Time is such a strange concept for me these days. The months go by like
weeks and the years seemingly like months. Even things that happened to
me not too long ago really, such as joining my amateur orchestra in
Spring 2012, even that seems to be so distant now — even though it is
There are various ways of looking at time. Perhaps the most fundamental
way, what you might call the baseline, is cosmological time. Astronomers
today tell us that the universe is about 13.82 billion years. Looking
out at the stars through the Hubble telescope is like looking at the
past. The greater the distance, the earlier the period in the evolution
of the universe we are seeing. At the current range of the Big Eyes we
are turning out into the universe, we are seeing galaxies that existed
over 13 billion years ago, which were created close to the Big Bang
But I don't know if this cosmic ruler of time applies to the way I
perceive things these days. Granted the more distant periods in my life
are usually, like the most distant galaxies, often the most dim. And
perhaps for the most part it does rather seem to be akin to that Ultra
Deep Field view of the cosmos. But that is not totally the case. Some
memories are stronger than others it seems. Psychologists say that
memory is linked to emotion, to what we value, simply to what we have
chosen to remember over the course of the years. So I don't think that a
cosmological metaphor quite fits. And for me at least it has become
rather more like what singer Regina Spektor once wrote about — "The
stars came down upon our hats / but they're just old light / they're
just old light."
But what are we to say of the fact that time flows more quickly as
we age? For that I think of the title of Thomas Wolfe's great novel,
Of Time and the River. If the river becomes a metaphor for time,
we are standing on a bridge over a small river. As we look upstream,
we see a piece of driftwood more towards us. As the driftwood disappears
under the bridge below us we run to the opposite side in time to see it
emerge and continue downstream. This perhaps could be a good metaphor
for the changes in the way we perceive time. When we are young the river
flows slowly. We see the driftwood moving toward us, it seems to take
a while before it gets to us. Running to the opposite side we see the
driftwood again as it is carried slowly away from us. It seem to take
a while for it to disappear from view. But when we are older the river
flows faster. The driftwood doesn't seem to take nearly as long to get
to us; and once it flows past it is quickly out of sight.
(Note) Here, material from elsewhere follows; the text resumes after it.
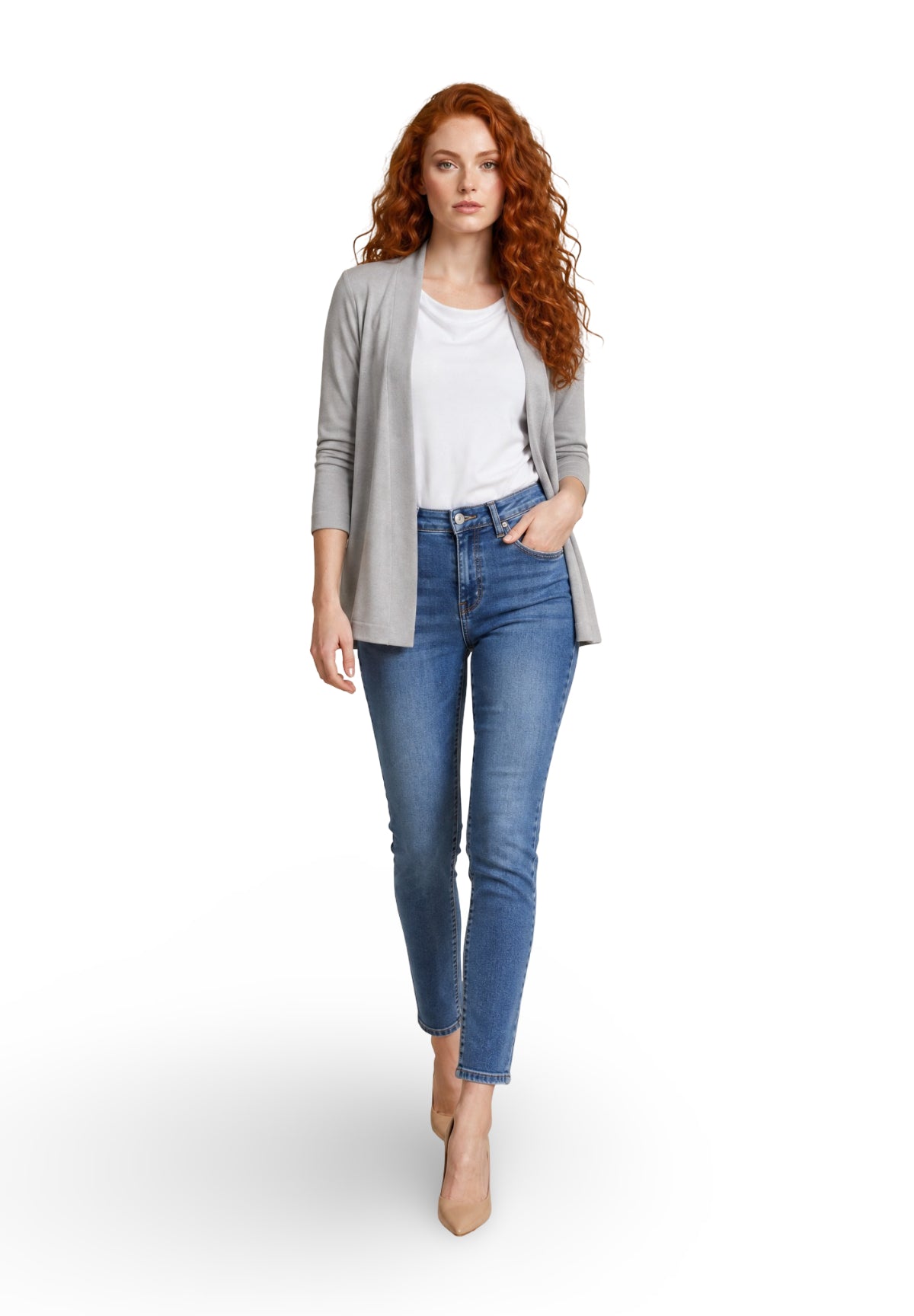 Cardigan 2615341041200 EMMGELA Grigio chiaro melange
But while for me this may explain the rate of flow of time, it is not a
complete summary of what I experience.
Certain religions believe in the transmigration of souls — reincarnation.
And certain philosophers have believed in it also, Plato for one. As I
look back into my past I get the sense not just that I am looking back
in time, but looking — getting some sort of strong feeling of —
different lives contained within the life I have lived since my birth
in 1955. And it is not just as simple as saying, rather tritely, that
things change, that we change, "seasons change and we change with
them" as the old song by the Tourists goes. For me it is more complex.
It is what you might call a separateness of my various historical selves.
I may very well have the same interests say in music or writing that I
did when I was younger. But who I am today is not the person who was
interested in those things at age 17 or 37. No, not at all. I am here.
But the person who existed in earlier decades is only myself in the most
remote sense, it does truly seem me in a different life, and I only
minimally feel any connection to that.
If it was the same soul all these years within me — and I do believe
in the existence and continuity of the soul — then it is a soul that
has undergone some significant frequent transformations. Not just
like the universe, constantly evolving; but in the process of becoming
something — someone — new.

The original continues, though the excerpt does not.